Affirm Stock: Continued Growth Didn’t Work (NASDAQ:AFRM)
The once highly publicized fintech concept BNPL (Buy Now, Pay Later) has suddenly lost investor interest. Affirm Assets (NASDAQ: AFRM) was the poster child for the over hyped concept and now the stock has crashed due to concerns about higher costs and limited profits. My investment thesis is more neutral on the stock as competitive pressures are likely to fade here, but the stock has already rallied strongly off the lows.
No lack of growth
Although the BNPL concept is not actually new, Affirm went public in early 2021 and was quickly rated as a fintech opening up a new financial concept. Surprisingly, the stock’s IPO was $49 and eventually soared above $170 late last year as e-commerce demand soared and the company recruited a whole host of new online retailers. The stock is now below the IPO price after a year of very strong growth.
Affirm operates the type of business out of favor with the market right now. The fintech produced an acceleration in loan volumes during the third quarter of 2022, represented by 73% growth in GMV, followed by slower revenue growth at only 54% during the quarter, followed by net income even slower (revenue less transaction costs) growing only 37% to just $182.4 million. .

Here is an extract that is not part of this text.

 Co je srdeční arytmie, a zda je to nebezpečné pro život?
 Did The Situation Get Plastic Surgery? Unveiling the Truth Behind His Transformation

At the top, Affirm was valued at a market capitalization of nearly $50 billion, but the company doesn’t even generate $200 million in quarterly net revenue after signing deals with the top 2 online retail platforms. While Affirm likes to focus primarily on revenue metrics growth, the company has a problem with very high expenses, which highlights the main concern about the Amazon (AMZN) agreement originally.
As shown below, transaction costs include provisions for credit losses, funding costs, and loan processing and servicing fees. Affirm spends approximately 50% of its revenue on transaction costs on a quarterly basis. In Q3’22, revenue was $354.8 million and transaction costs were $172.3 million, or 49% of revenue.
Investors should understand that either Affirm is a relatively low gross margin business or the company has low adjusted net earnings. Fintech doesn’t spend a lot of time discussing the actual operating expenses of the business.
For the March quarter, operating expenses were $409.0 million. Sales and marketing spend soared nearly $100 million from a year ago to $156.2 million, an indication of the costs of attracting customers to platforms like Amazon and Shopify (STORE). While most of these costs are allocated to stock-based compensation expense and warrant costs, the numbers reflect the impact on the diluted share count. Non-GAAP operating expenses drop from nearly $220m to just ~$180xm excluding these costs, but these expenses are still very important to the valuation of a fintech company offering online lending .
Affirm achieved a massive increase in the number of active merchants, from 12,000 last FQ3 to 207,000 last quarter, but the earnings picture did not improve in the process. The stock slumped in a bid to only reach adjusted operating profit by July 1, 2023.
Dead cat bounce
Many battered stocks like Affirm have risen significantly from the lows, which has reduced the appeal of continuing the stock here. The stock has a listed market capitalization of $7.5 billion based on a listed stock count of 290 million shares.
In reality, Affirm has substantial dilution ahead due in part to Amazon’s tenure as well as other stock options and restricted stock units. The company has the potential for more than 50 million additional diluted shares, adding another $1.3 billion to the eventual valuation, although a large number of potential shares like the 15 million warrants of Amazon are not exercisable until stock prices are significantly higher.
Since Affirm doesn’t forecast much profit for years, the stock remains a P/S story. The stock is much better value here at 4x forward sales, although it should be remembered that actual net earnings are about half of current FY23 earnings estimates of $1.9 billion.
The stock has likely already rebounded for this cycle given the big uptick in Amazon and Shopify deals that are priced into FY23 guidance. Affirm is not even expected to reach annualized adjusted operating profit levels until the end of the next fiscal year.
The key takeaway from investors is that Affirm has already rebounded nearly 100% off recent lows. The BNPL product has a questionable business model due to Affirm’s high cost structure to offer the solution online.
Investors shouldn’t chase the stock here despite the fact that Affirm is still trading well below the IPO price.